▶ [ASSIGNMENT] Only the lines below from the one that holds "HU-KA3950A-FR1-9" through the one that holds "3506-318 Richmond Street" should appear in the answer, copied exactly, end lines included and pictures omitted.

▶ [ENTRIES PROVIDED]
== == ==

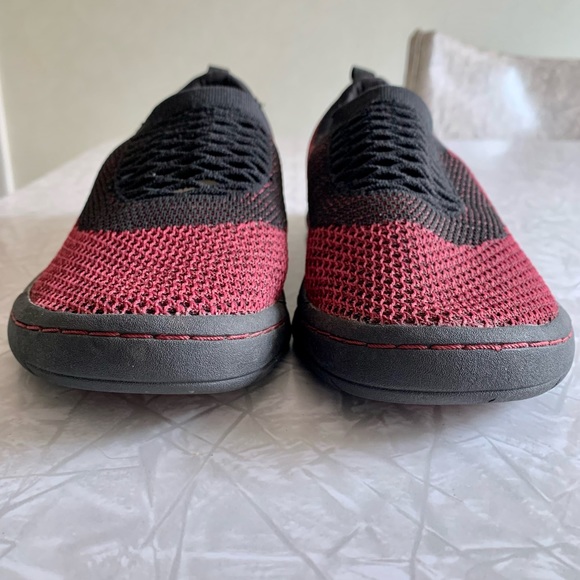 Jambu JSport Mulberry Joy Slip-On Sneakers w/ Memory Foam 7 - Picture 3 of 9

== == ==

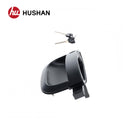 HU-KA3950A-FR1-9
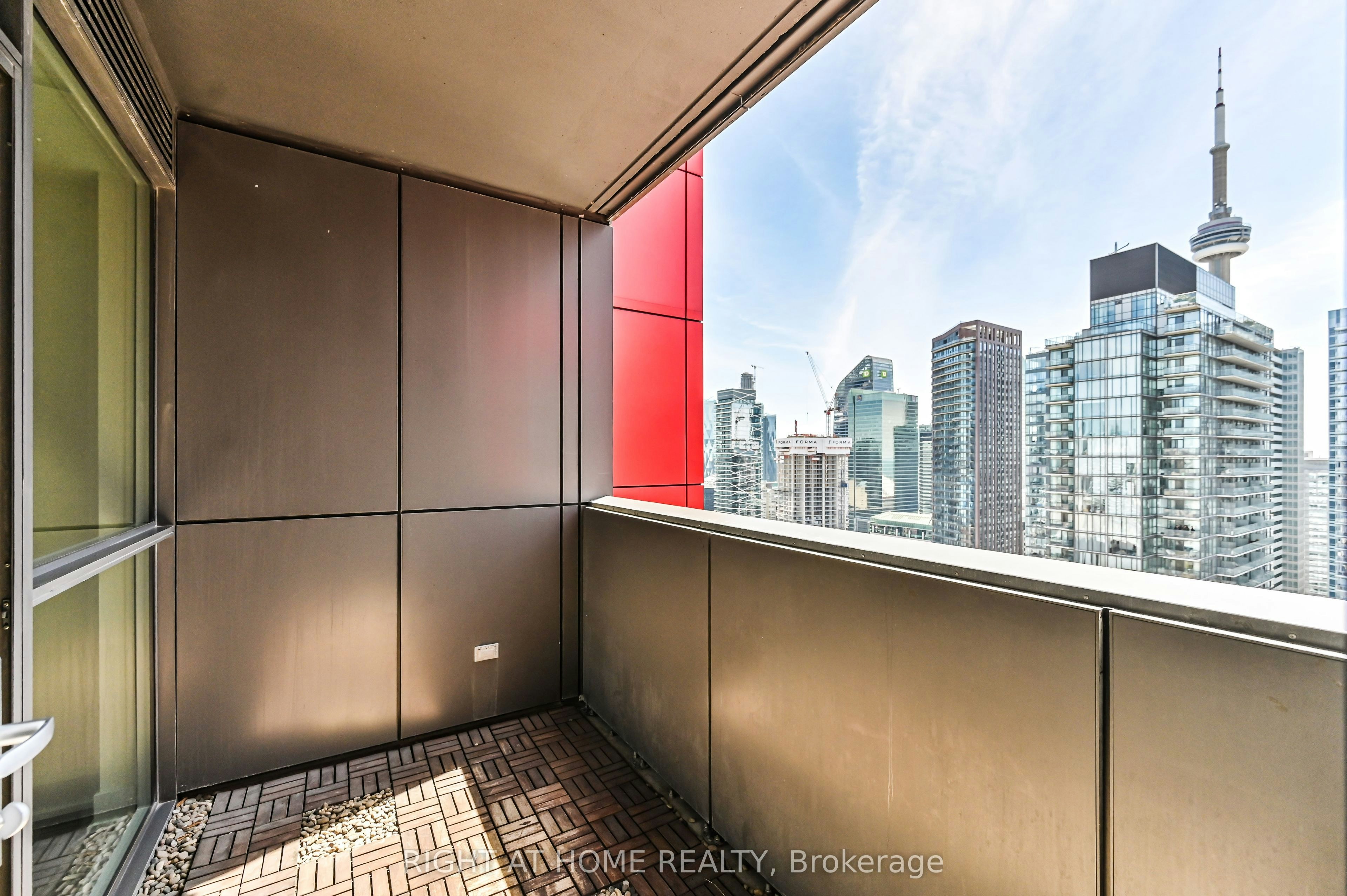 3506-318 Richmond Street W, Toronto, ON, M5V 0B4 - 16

== == ==

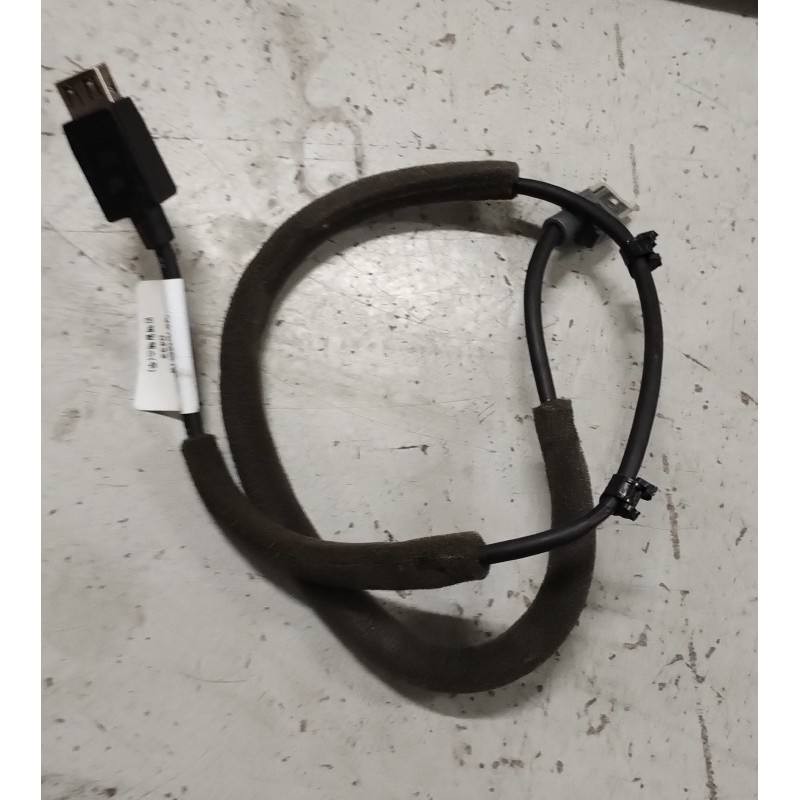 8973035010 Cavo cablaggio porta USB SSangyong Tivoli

== == ==

▶ [FINISHED TASK]
 HU-KA3950A-FR1-9
 3506-318 Richmond Street W, Toronto, ON, M5V 0B4 - 16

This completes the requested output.